Another perspective:


Comment by JCOMISKEY

August 16, 2013 @ 5:42 am

Domestic Intelligence writ large & Stop Question Frisk (SQF)

The challenge of domestic intelligence and Stop Question, Frisk are one. See:

http://www.rand.org/pubs/monographs/MG804.html and
And http://www.nyclu.org/issues/racial-justice/stop-and-frisk-practices and http://www.nypost.com/p/news/opinion/opedcolumnists/stop_frisk_why_the_city_must_appeal_gD0QXw9ZjF6A5xt4HRnfwO )

The intent of both is national security/HLS/public safety within the constraints of the Constitution (USG and State) and particularly the social contract that IMHO is predicated on reasonableness.
Ultimately, are government actions reasonable under the current circumstances?

See http://dictionary.reference.com/browse/reasonable+?s=t and http://www.merriam-webster.com/dictionary/reasonable and http://en.wikipedia.org/wiki/Reasonable_person

It would have been unreasonable to ask the Supreme Allied Commander to storm Normandy with a little less shooting.

We expect our President and the Police to do what is reasonable to protect us. We delude ourselves when we opine that we should do so with a little less shooting.

The President sometimes does objectionable things because bad people will do things like weaponize airplanes and crash them into buildings or interrupt a marathon with wanton bombing.

The police sometimes do objectionable things because bad people carry weapons and hurt and kill people with them. If the President and the police do less objectionable things more planes will be weaponized and more marathons will be bombed and more bad people will carry weapons and hurt and kill more people.

Which do you object to more?

Comment by Philip J. Palin

August 16, 2013 @ 9:05 am


I agree there are parallels between NSA surveillance and Stop-and-Frisk. There are certainly some — a distinct minority, I think — who find such actions innately objectionable in every context. What I think has more recently undermined and now threatens each prevention program is the perception of persistent abuse of each program’s internal disciplines and a growing concern that senior elected and appointed officials are in denial regarding a pattern of abuse.

(I don’t know if the pattern of abuse is real, but I am sure the perception of the pattern is real.)

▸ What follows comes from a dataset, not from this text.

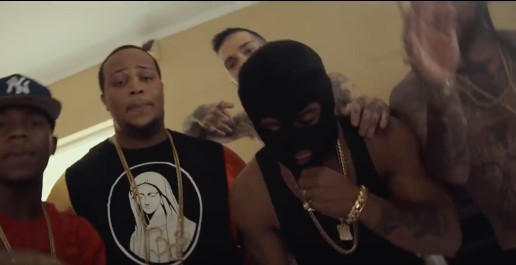 Biggg Slim – Migo (Video)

Most expect some bad apples. Most are forgiving of occasional mistakes. But when the Guardians seem to regularly behave contrary to their own internal policies and regulations, it is reasonable, even wise, for other elements of society to state their concerns, seek to ensure the Guardians are self-correcting, and perhaps inevitably impose some new constraints to make the point.

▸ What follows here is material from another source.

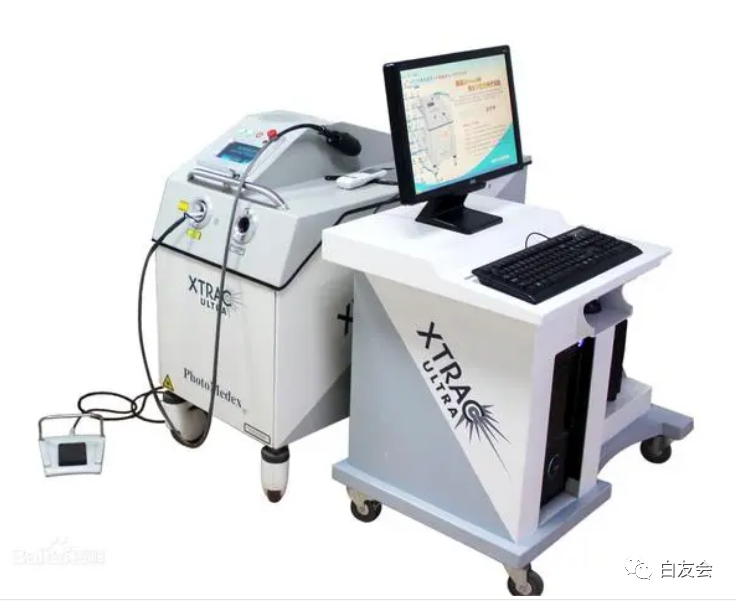 4006B光疗怎么用白癜风照光后色素沉着，都是“家用光疗仪”惹得祸！_https://www.jmylbn.com_新闻资讯_第2张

Especially with a very long struggle without front lines, there is a need to be prudent and serious regarding the laws-of-war and — particularly in the domestic context — to enforce the laws-of-war.

But to your last question: I think where you and I may disagree is the trade-off between human life and abstract principle. I actually object more to the evil we do ourselves in seeking security than the evil done us by our enemies in exploiting our freedom. I will also admit to being envious of your much more grounded, measurable value-set. Can you find some sympathy for my effort to avoid either-or? I don’t know what Egypt, Syria, Iraq, and Nigeria may yet spawn. But given our current adversaries, I think we can still balance security with liberty.

Comment by JCOMISKEY

August 17, 2013 @ 6:30 am


I sense that we are more in agreement than do you.

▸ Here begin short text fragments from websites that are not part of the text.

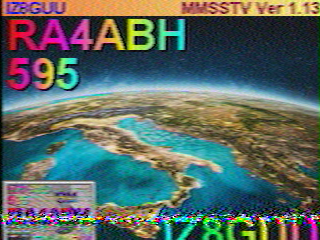 15/10/2026 à 06h09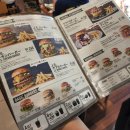 제이에스카페(J'S CAFE)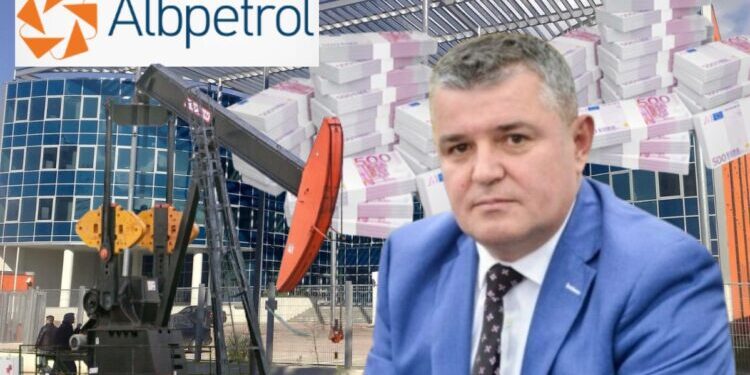 Eltar Deda në SPAK, pagoi 3 milionë euro energji për kompanitë private dhe…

I do, however, accept “my grounding.” My grounding was predicated in operational imperatives. That that was done in the immediacy and near-immediacy. All the while I was aware that my actions and the actions of those I served with might be assessed post mortem.

I do not negate the efficacy of post mortem evaluation and recommendations for better future practices. HLS wicked problems are best managed knowing that 100% resolution will not be a reality.

My sympathies, prayers, and charity lie with the oppressed.

Comment by William R. Cumming

August 27, 2013 @ 8:14 am

The stop and frisk NYPD effort is now on hold pending appeal. But several Mayoral candidates have stated they will review that effort closely.

Thus the NY Mayoralty race may have important national implications.